All this was unknown to the Supreme Court when the initial ruling was made. As a result, Justice Gray-Evans overturned her initial September 6, 2012, ruling that appointed HLB Galanis principal, Philip Galanis, as Butler’s Food World’s receiver on this technicality.

She agreed with Mr Shephard’s argument that Tynes & Tynes’s omission of the botched service was “a failure to provide full and frank disclosure”, and went to the heart of the initial receivership Order.

“Frankly, I do not know what would have been the outcome of the hearing had the details as disclosed in Ms Tynes’ November 5 affidavit been disclosed to me on September 3, 2012,” Justice Gray-Evans wrote.

“I may, nevertheless, have heard the application and given the Order appointing the receiver and manager. However, because of the nature of the relief sought, it is likely that I may have adjourned the matter to ensure that notice of the Summons had come to the attention of the counsel for [Butler’s Food World] or I may have taken some action.

“But, as I understand the authorities, where full disclosure is not made the Order will be set aside, even if the non-disclosure would not have prevented the Order being made.”

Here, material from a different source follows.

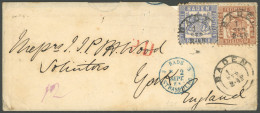 BADEN 19a,20a BRIEF, 1868, 6 Kr. Ultramarin Und 9 Kr. Rötlichbraun Auf Brief Von BADEN Nach England, Öffnungsmängel, Fei - Storia Postale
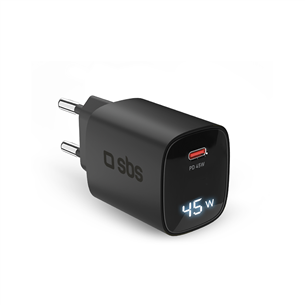 SBS LCD Wall Charger, USB-C, LCD, 45 Вт, черный - Зарядное устройство TETRGANLCD1C45K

Justice Gray-Evans dismissed arguments by Harvey Tynes QC that the disclosure failure was not material, given Butler’s Food World’s failure to file a defence to claims by Mr Babak and his company, L. T. Investments, that it owed them $152,000.

And Ntshonda Tynes alleged in her affidavit that Ms Woodside, while in her presence, made a phone call from Trident and said she was authorised to accept service on Mr Shephard’s behalf.

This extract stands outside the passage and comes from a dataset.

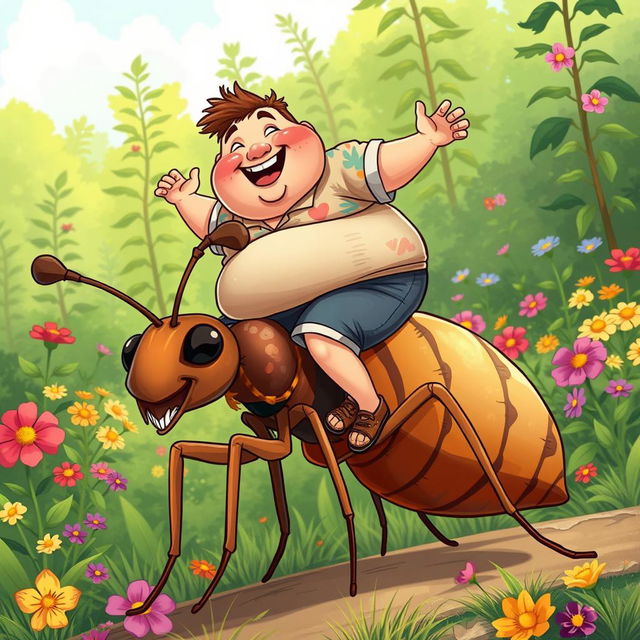 A whimsical and humorous illustration of a plump man joyfully riding a giant ant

But, while the Butler’s Food World receivership is over - at least for the moment - the legal battles between its owner, Jeff Butler, and Mr Babak appear to set run for some time.

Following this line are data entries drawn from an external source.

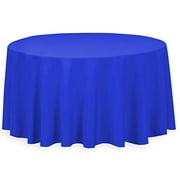 LinenTablecloth 120-Inch Round Polyester Tablecloth Royal Blue
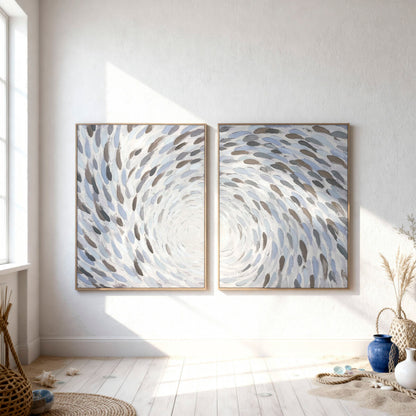 Tavla Home ESPRIT Blå Vit Spiraler 82,5 X 3 X 102,5 CM (2 antal) finns hos Nordekko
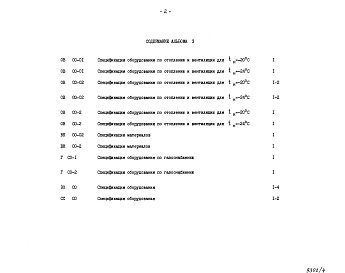 Состав альбома. Типовой проект 111-96-70.85Альбом 3 Спецификация оборудования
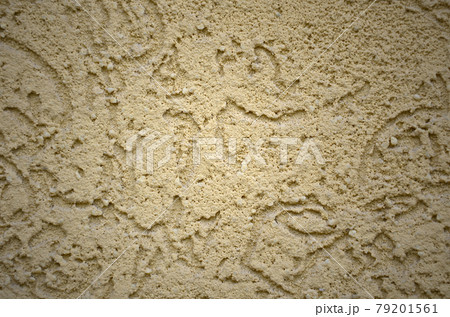The texture of the beige decorative plaster in bark beetle style 79201561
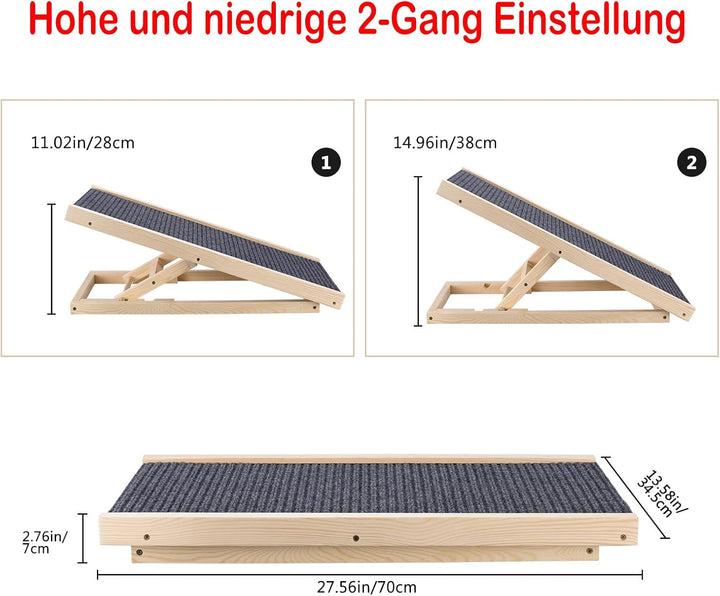 Verstellbare Haustierrampe für Bett, Couch, Pfotengriff, Anti-Rutsch-Teppich, Hunderampe Auto, 2 Hoc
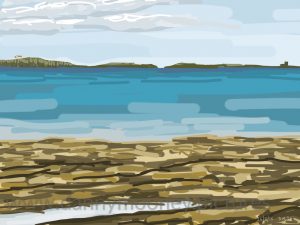 Danny Mooney 'Seahouses, low tide, 26/8/16' iPad painting #APAD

For Mr Babak and L. T. Investments won at least a partial victory in the same judgment, as Justice Gray-Evans rejected the attempt by Mr Butler and the retailer’s parent, Harbour Lobster & Fish Company, to overturn the $152,000 default judgment they obtained on August 9, 2012.

Tracing the dispute’s history, the judgment said the $152,000 consisted of unpaid rent, allegedly owed by Butler’s Food World to Mr Babak under the terms of an August 24, 2010, lease agreement. Rent, at the rate of $19,000 per month, was said to be due for the period December 2011 to July 2012.

While the writ was served on Harbour Lobster & Fish Company’s then-registered office in Freeport, and the company entered an unconditional appearance at the Supreme Court on July 13, 2012, it failed to file a defence within the prescribed time and enabled Mr Babak to file for a default judgment.

After the Supreme Court found that the process for serving the August 9 default judgment was “not irregular”, Mr Shephard had argued that Butler’s Food World had a strong defence and counterclaim to the action. He suggested this outweighed, and should overturn, the default judgment.

In his counterclaim, Mr Butler had alleged that Mr Babak and L. T. Investments owed him more than $200,000 - a sum that “exceeded” the $152,000 claimed by the latter.

Mr Butler alleged that the lease agreement stipulated that any dispute between the parties must first be referred to arbitration, rather than go to the courts.

And, detailing the issue allegedly at the heart of their dispute, Mr Butler was said to have alleged: “The matters that are in dispute are whether there is in a fact a debt owed to [Mr Babak] due to the fact that [Butler’s Food World] has been paying the electricity bill for the chiller system that has been cooling the entire building (approximately 50,000 square feet_ although [Butler’s] only used approximately 18,000 square feet of space.

“There is also a question of whether or not [Mr Babak/L. T. Investments] has been tortuously interfering with [Butler’s] quiet enjoyment of the use of the space by blocking access to the building.”

However, Justice Gray-Evans noted that Butler’s Food World did not deny failing to pay its rent as due.

She agreed with Mr Tynes that the lease agreement obligated Butler’s Food World to continue paying its rent despite the dispute, finding “there is no way around” this stipulation.

As a result, Justice Gray-Evans refused to overturn the default judgment, leaving Butler’s Food World liable to pay the $152,000 to Mr Babak and L. T. Investments.